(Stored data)
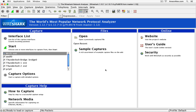Hi everyone, this is Anson from ansonalex.com and in this video I'm going to provide a basic tutorial for using Wireshark, which is an open source network scanner and monitor that allows you to take a look at all of the traffic and even individual packets that are passing through the particular network interface card that you're looking at.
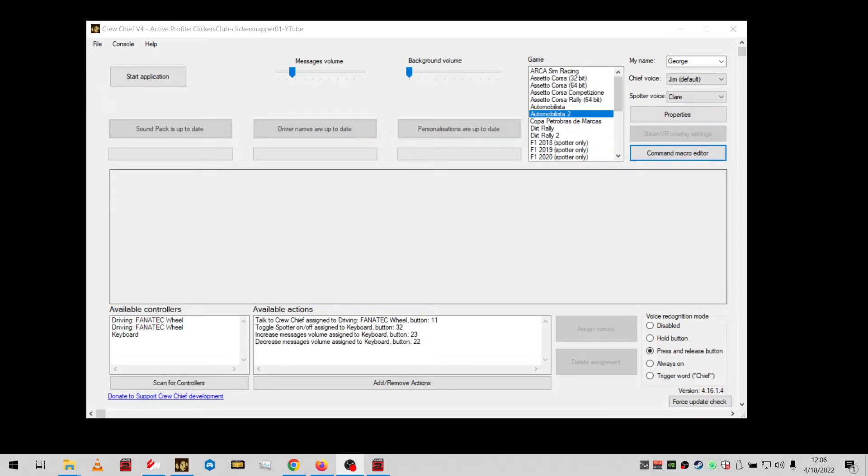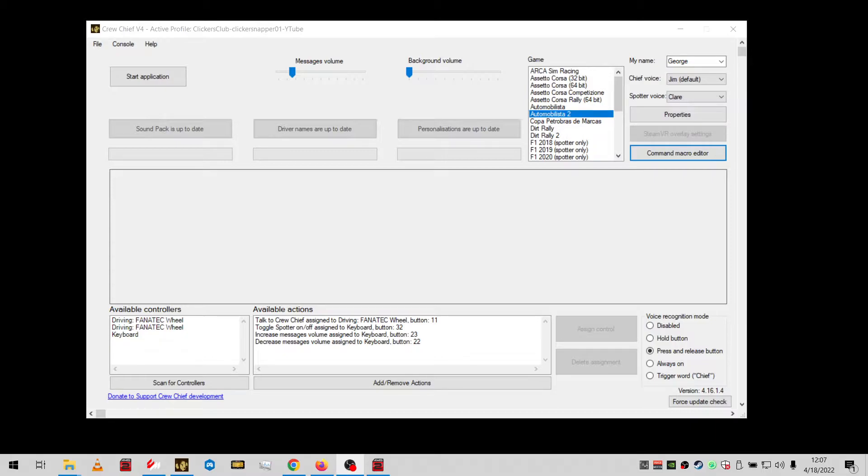Hello fellow sim racers, Clicker Snapper here. This video is for version 3.1 of the AMS 2 JSON file. To make this video simple and short, I'll try to cover the most important things quickly. If you have any questions, you can go to the YouTube channel, go to About, get my email address, and drop me an email. I'll be glad to help if I can. I've already done this several times and encountered some errors that I didn't want in the video, so I'm going to try this again.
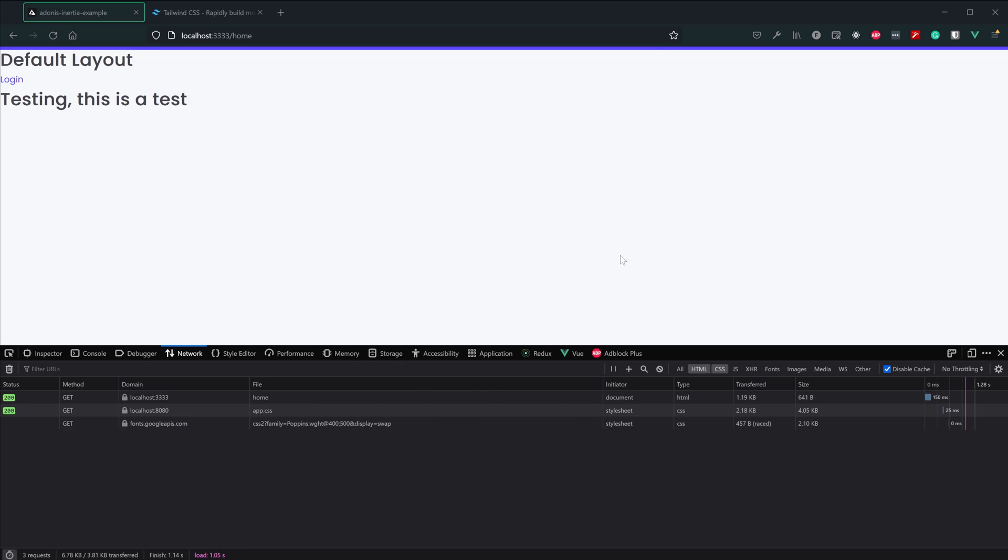We're going to spend the next couple of lessons configuring our application with things you might typically add within a normal Vue application, things like Tailwind CSS in this lesson. In the next lesson we'll get Naive UI installed, configured, and then we'll also set up automatic imports for those components.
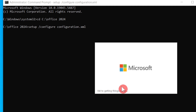Now just press Enter and your Office will install. It will begin from this command. It might take about 10 or more than 10 minutes depending on your internet speed. Here we are getting ready — just wait.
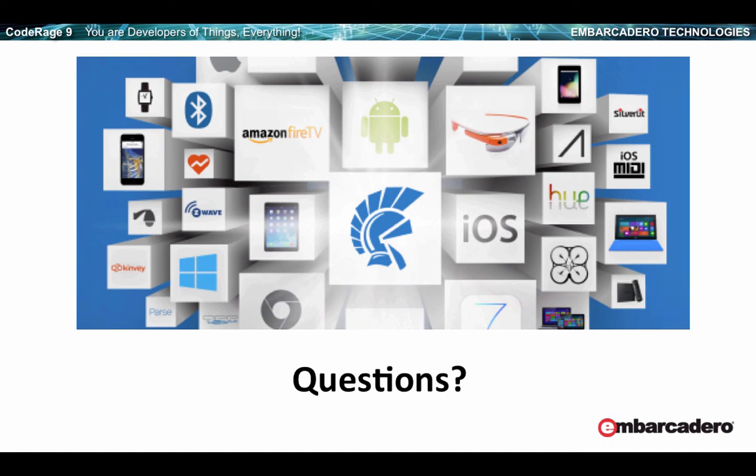There was a question about C++11 on Win32. Please come to the C++ language overview session. We are actively working on it and you'll be able to see some of that in action in the next session in about two hours.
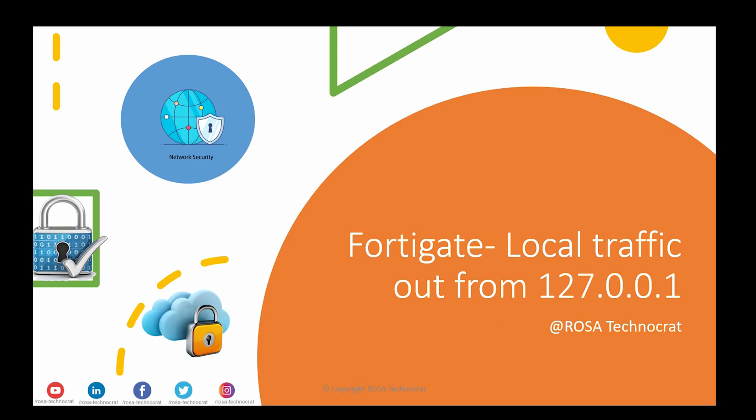Hi, good morning everyone. Welcome back to my channel Rosa Technocrat. Today I'm here with another issue that I have observed recently on FortiGate, and this issue was about traffic logs being generated from 127.0.0.1. Let's talk about that.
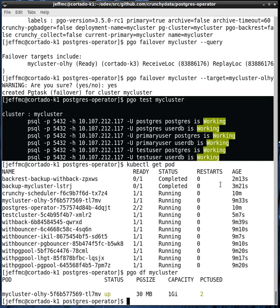You can also do a simple disk statistic command called PGODF to show you the percent utilization on a Kubernetes volume versus the size of the Postgres data set. This is useful just for capacity planning.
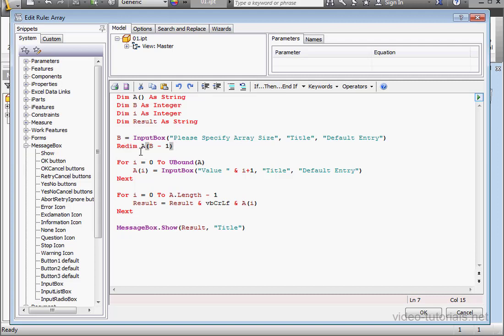What the redim statement does is reallocate space for the array. By the way, if you declared the size of the array already, you shouldn't use the redim statement. Here, once again, I use the value minus one because the array uses a zero index base.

◆ **Assignment**: Retype every entry above exactly and, please, skip the pictures.

◆ **Answer section**:
Hi everyone, this is Anson from ansonalex.com and in this video I'm going to provide a basic tutorial for using Wireshark, which is an open source network scanner and monitor that allows you to take a look at all of the traffic and even individual packets that are passing through the particular network interface card that you're looking at.
Hello fellow sim racers, Clicker Snapper here. This video is for version 3.1 of the AMS 2 JSON file. To make this video simple and short, I'll try to cover the most important things quickly. If you have any questions, you can go to the YouTube channel, go to About, get my email address, and drop me an email. I'll be glad to help if I can. I've already done this several times and encountered some errors that I didn't want in the video, so I'm going to try this again.
We're going to spend the next couple of lessons configuring our application with things you might typically add within a normal Vue application, things like Tailwind CSS in this lesson. In the next lesson we'll get Naive UI installed, configured, and then we'll also set up automatic imports for those components.
Now just press Enter and your Office will install. It will begin from this command. It might take about 10 or more than 10 minutes depending on your internet speed. Here we are getting ready — just wait.
There was a question about C++11 on Win32. Please come to the C++ language overview session. We are actively working on it and you'll be able to see some of that in action in the next session in about two hours.
Hi, good morning everyone. Welcome back to my channel Rosa Technocrat. Today I'm here with another issue that I have observed recently on FortiGate, and this issue was about traffic logs being generated from 127.0.0.1. Let's talk about that.
You can also do a simple disk statistic command called PGODF to show you the percent utilization on a Kubernetes volume versus the size of the Postgres data set. This is useful just for capacity planning.
What the redim statement does is reallocate space for the array. By the way, if you declared the size of the array already, you shouldn't use the redim statement. Here, once again, I use the value minus one because the array uses a zero index base.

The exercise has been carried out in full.